My armchair travel yesterday morning took me then--thanks to Rishi--to India, where I  watched--through a musically enhanced photographic slideshow on my computer screen--a yoga group in session.  Check it out, it's incredibly enervating, you'll be a 'young soul' again.  Though I am thoroughly unused to such muscle-stretching, body bending exercises, I know and practice a few poses, such as the Salute to the Sun, which I would like to start doing regularly to replace the coffee-and-croissant-first-thing-in-the-morning-while-reading-the-news routine, as a way to start the day. 

Here are some more of Rishi's photos:


Walking into the Ocean


Man wearing one sandal, one shoe.


Two Dancers

Click here for photos of life at the ashram, and here to see a photographic slide show of Indian dancers to the music of  "Dheem Ta Dare".

I also perused some of Rishi's infrequent text postings (the blog is mostly to highlight his splendid photographs).  "I never ask a kid to smile," he says re: taking commissioned pictures of children.  "I like them the way they are."  The photographs he treasures are ones that "capture who you are and not who you want to be."


In one such posting he shares a letter from someone named "Otto" dispensing information about, among other things, healthy eating.  I was amazed to discover that many of Otto's recommendations were things I had already discovered elsewhere, time and again, from numerous sources dating back decades, and in some cases, centuries.  So there must be something to it. 

For example:

The beneficial effect of turmeric; ginger as an anti-carcinogenic [I first learned of this from an African healer from the Congo]; that Type II diabetes has been linked to processed meat and lack of omega-3, severe periodontal disease, lack of exercise, and (of course) being overweight.

My favorite of Otto's suggestions: "Spinach and blueberries preserve the brain." (Likely someone will someday come up with the idea of combining them as an 'energy smoothie', or adding them to tea, as a 'health drink'.  (But as practitioners of food combining will remind you, ha ha,  fruit should be eaten alone.)

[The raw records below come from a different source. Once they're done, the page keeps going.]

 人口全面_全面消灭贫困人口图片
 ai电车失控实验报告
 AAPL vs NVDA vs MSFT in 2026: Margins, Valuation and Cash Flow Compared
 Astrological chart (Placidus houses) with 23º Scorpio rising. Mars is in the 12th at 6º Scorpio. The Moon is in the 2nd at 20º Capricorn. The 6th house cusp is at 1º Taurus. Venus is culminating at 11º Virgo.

Meditating on a wall at sunrise--or at sunset, or at any other time of the day or night--on a beach, on a park bench, sitting crosslegged on a pillow in your living room, or out on the porch before bedtime standing in the night air underneath the stars:  not everyone who meditates joins an ashram or practices yoga or necessarily ascribes to the mindset commonly perceived as associated with the word 'meditation.' 

Sometimes you just fall into it, accidentally.  You're in a doctor's office waiting your turn, you're on a bus stuck in traffic, you're at your kitchen table looking out the window, and you shut your eyes, get very still, block out everything around you.  You begin to become aware of your breathing, you sense the 'self' emptying out of you, and that you're slowly entering into ... nothingness.  This was my introduction to meditation, before I had a name for it, before I learned that millions of people all over the world do this exact same thing, not just accidentally but intentionally; and not just occasionally, but routinely, and reap enormous benefits from it.  I have to thank Rishi O., again, for reminding me, through his photograph of those people on that wall, just how universal is this need to connect with the life forces of the universe.

Images that ... draw you like a magnet, that elicit forgotten memories, that hold you, just for a moment, frozen in time and space.  This photograph did that for me.  As did the one with the woman walking "into" the ocean.  (Notice it's not walking "to" the ocean--Rishi labeled it walking "into" the ocean, as if she's intending to become one with it.)

Well, glad to have met you, Rishi, if only thru the Internets [sic intended].  :)  And thank you for allowing me to share your photographs on this blog.  And for reminding me what it feels like to be on a stone wall in the wee, early hours of the morning, waiting for the sun to pop up behind the mountains, breathing in the fresh, brisk air, meditating (in this case it was Vermont, many years ago, and there was only one other person on the wall, instead of 20).

One of the tangible benefits I neglected to mention, of such endeavors:  unexplained ... happiness.